Zusammenhang zwischen Snapping-Scapula-Syndrom, kongenitaler Hyperlaxität und Hyperlaxität der Schulter
Das Snapping-Scapula-Syndrom ist eine nicht sehr häufige Erkrankung der Schulter. Sie ist gekennzeichnet durch ein tastbares und hörbares Knacken, das manchmal (jedoch nicht immer) mit Schmerzen bei Bewegungen des Schulterblatts verbunden ist. Als Ätiologien werden im Allgemeinen Muskel-, Knochen- oder Weichgewebeanomalien zwischen Schulterblatt und Brustkorb beschrieben. Im Folgenden werden drei Fälle des Snapping-Scapula-Syndroms in Verbindung mit kongenitaler Hyperlaxität vorgestellt, wie sie durch Beighton-Score und Hyperlaxität der Schulter definiert werden.
Inhalt
Einleitung
Das Snapping-Scapula-Syndrom wurde erstmals 1867 von Boinet beschrieben1. Es handelt sich um eine wenig verbreitete Erkrankung der Schulter, die durch ein tastbares und hörbares Knacken gekennzeichnet ist, das manchmal (jedoch nicht immer) mit Schmerzen bei Bewegungen des Schulterblatts einhergeht. Das Symptomspektrum ist breit und reicht von leichten Beschwerden bis hin zu starken Schmerzen. Die Diagnose basiert auf klinischen Befunden, insbesondere auf Palpation. Dabei scheinen die Ursachen hauptsächlich auf einen mechanischen Eingriff zwischen Brustkorb und Schulterblatt aufgrund von Muskel-, Knochen- oder Weichgewebeanomalien zurückzuführen zu sein2, 3 (siehe Tabelle 1). Wenn entsprechende Untersuchungen jedoch negativ ausfallen, gilt das Snapping-Scapula-Syndrom als idiopathisch. Unseres Wissens wurde der Zusammenhang zwischen kongenitaler Hyperlaxität, Schulterhyperlaxität und dem Snapping-Scapula-Syndrom bisher noch nie beschrieben. Wir möchten drei Fälle vorstellen, die auf einen solchen Zusammenhang hindeuten.
Fallbericht 1:
Bei einer 18-jährigen Auszubildenden als Köchin tritt seit einem Jahr ein knackendes Geräusch auf, begleitet von Schmerzen im Bereich der angulären und medialen Seite des rechten Schulterblatts. Die Beschwerden traten auf, wenn sie ihre Schultern bei Tätigkeiten einsetzte, die Kraft im Bereich oberhalb des Kopfes erforderte. Sie konnte dabei normal arbeiten. Auf Nachfrage konnte sie das Knacken reproduzieren.

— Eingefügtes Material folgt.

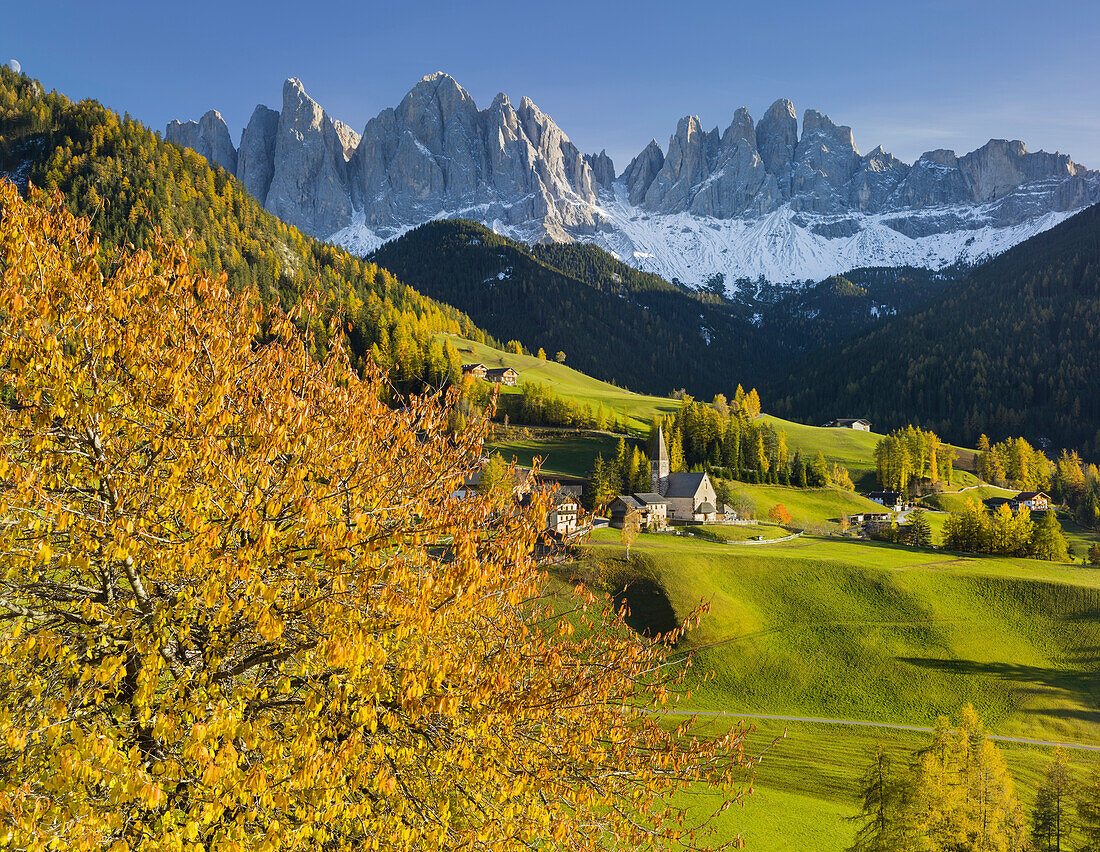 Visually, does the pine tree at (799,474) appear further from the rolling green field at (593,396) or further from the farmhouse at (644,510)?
the rolling green field at (593,396)

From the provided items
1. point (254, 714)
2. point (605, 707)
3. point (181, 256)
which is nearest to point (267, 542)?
point (254, 714)

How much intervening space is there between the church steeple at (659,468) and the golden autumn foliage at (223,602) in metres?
92.3

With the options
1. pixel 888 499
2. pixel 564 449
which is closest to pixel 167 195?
pixel 564 449

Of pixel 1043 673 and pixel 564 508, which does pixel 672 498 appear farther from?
pixel 564 508

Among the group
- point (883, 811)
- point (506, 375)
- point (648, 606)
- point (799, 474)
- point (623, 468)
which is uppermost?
point (506, 375)

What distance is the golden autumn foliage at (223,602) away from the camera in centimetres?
747

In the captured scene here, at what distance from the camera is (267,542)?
7.41 meters

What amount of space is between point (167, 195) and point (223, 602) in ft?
630

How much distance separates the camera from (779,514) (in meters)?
101

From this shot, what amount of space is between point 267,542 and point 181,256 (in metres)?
4.96

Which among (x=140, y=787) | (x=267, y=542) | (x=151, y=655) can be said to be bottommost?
(x=140, y=787)

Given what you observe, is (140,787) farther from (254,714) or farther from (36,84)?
(36,84)

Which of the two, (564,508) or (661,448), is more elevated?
(564,508)

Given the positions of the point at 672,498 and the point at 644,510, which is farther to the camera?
the point at 672,498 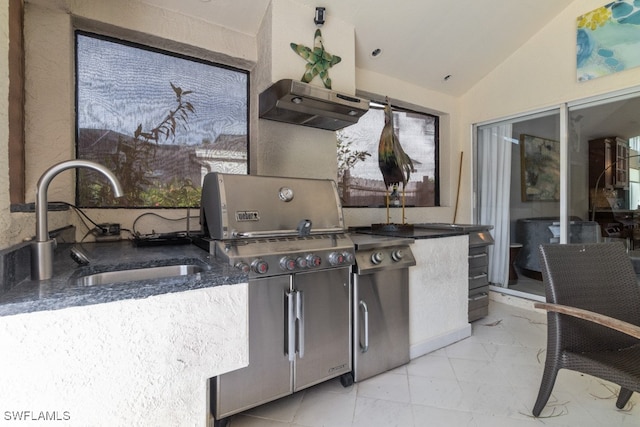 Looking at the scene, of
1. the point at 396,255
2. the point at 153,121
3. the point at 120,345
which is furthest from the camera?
the point at 153,121

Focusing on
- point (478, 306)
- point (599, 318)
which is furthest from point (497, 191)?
point (599, 318)

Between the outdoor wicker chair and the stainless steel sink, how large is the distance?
1682 mm

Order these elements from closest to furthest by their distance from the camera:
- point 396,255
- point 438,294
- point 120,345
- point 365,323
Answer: point 120,345, point 365,323, point 396,255, point 438,294

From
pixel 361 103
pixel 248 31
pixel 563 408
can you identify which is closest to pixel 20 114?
pixel 248 31

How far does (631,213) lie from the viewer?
280cm

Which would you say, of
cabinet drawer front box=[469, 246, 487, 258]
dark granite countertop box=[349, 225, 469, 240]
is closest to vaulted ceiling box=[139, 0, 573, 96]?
dark granite countertop box=[349, 225, 469, 240]

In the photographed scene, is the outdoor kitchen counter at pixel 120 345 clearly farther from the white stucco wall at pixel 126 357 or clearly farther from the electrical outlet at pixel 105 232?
the electrical outlet at pixel 105 232

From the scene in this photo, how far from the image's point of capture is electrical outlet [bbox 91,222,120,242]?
6.23ft

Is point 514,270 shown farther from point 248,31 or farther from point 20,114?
point 20,114

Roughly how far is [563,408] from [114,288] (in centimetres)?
227

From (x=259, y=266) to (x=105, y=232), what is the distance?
1.16m

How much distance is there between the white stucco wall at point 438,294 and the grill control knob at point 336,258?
27.7 inches

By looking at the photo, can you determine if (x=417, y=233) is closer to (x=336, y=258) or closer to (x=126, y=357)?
(x=336, y=258)

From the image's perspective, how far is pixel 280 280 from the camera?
1600 mm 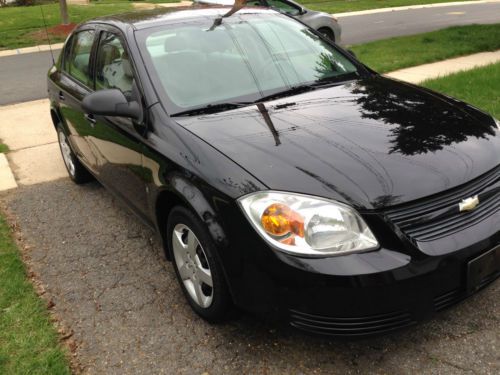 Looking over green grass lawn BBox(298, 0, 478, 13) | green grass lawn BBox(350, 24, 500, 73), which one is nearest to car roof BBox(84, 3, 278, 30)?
green grass lawn BBox(350, 24, 500, 73)

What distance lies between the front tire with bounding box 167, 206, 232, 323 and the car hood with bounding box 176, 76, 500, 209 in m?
0.42

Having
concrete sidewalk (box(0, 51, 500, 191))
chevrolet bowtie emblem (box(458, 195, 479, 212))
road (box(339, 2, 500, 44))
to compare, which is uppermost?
chevrolet bowtie emblem (box(458, 195, 479, 212))

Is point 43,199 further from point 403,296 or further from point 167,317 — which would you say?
point 403,296

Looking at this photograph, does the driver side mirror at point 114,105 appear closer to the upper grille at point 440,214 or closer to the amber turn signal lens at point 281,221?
the amber turn signal lens at point 281,221

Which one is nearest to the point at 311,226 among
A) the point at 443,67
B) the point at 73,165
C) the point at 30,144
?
the point at 73,165

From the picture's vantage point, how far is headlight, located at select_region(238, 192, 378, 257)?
2223 millimetres

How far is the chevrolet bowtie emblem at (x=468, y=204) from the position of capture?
2.36 meters

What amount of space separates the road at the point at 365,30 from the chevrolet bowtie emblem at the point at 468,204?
27.5 feet

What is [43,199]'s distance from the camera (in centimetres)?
494

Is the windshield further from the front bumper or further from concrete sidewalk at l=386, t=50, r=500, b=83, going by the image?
concrete sidewalk at l=386, t=50, r=500, b=83

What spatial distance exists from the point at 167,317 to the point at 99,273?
0.78m

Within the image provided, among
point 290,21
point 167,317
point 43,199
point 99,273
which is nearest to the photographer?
point 167,317

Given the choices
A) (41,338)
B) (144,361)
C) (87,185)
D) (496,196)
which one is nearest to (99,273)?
(41,338)

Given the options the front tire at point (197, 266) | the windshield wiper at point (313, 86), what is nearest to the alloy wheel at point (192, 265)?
the front tire at point (197, 266)
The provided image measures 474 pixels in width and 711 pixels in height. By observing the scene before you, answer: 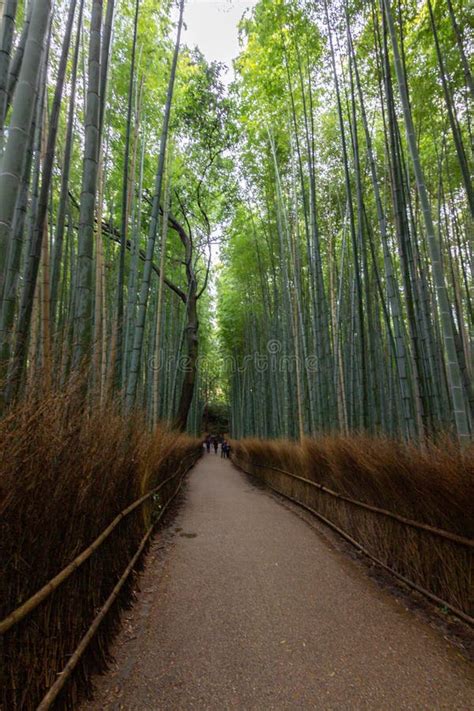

Klinische Befunde: Bei der Bewegung der Schulter waren Schnapp- und Knackgeräusche deutlich zu hören. Die Palpation an der medialen Seite und entlang der spina scapulae (Schultergräte) schien schmerzhaft zu sein. Wir stellten eine passive Seitwärtsdrehung der Schulter von mehr als 85° und einen Beighton-Score von 9/9 fest.
Untersuchungen: CT, MRT, Ultraschall und Elektromyogramm waren normal.
Es wurde ein Snapping-Scapula-Syndrom in Verbindung mit kongenitaler Hyperlaxität und Hyperlaxität der Schulter diagnostiziert. Danach wurde eine lange Rehabilitationsbehandlung durchgeführt. Nach 12-monatiger Nachsorge war jedoch keine Besserung festzustellen.
Fallbericht 2:
Ein 32-jähriger Mann, der als Restaurantkellner arbeitete, hatte seit etwa zehn Jahren Beschwerden in der linken Schulter. Er spürte Schmerzen und ein Knacken, wenn er den linken Arm über den Kopf hielt, und nachts, wenn er die linke Hand in Richtung Hinterkopf bewegte. Das Knacken trat selten auf der rechten Seite auf. Wenn es auftrat, hatte der Patient keine Schmerzen.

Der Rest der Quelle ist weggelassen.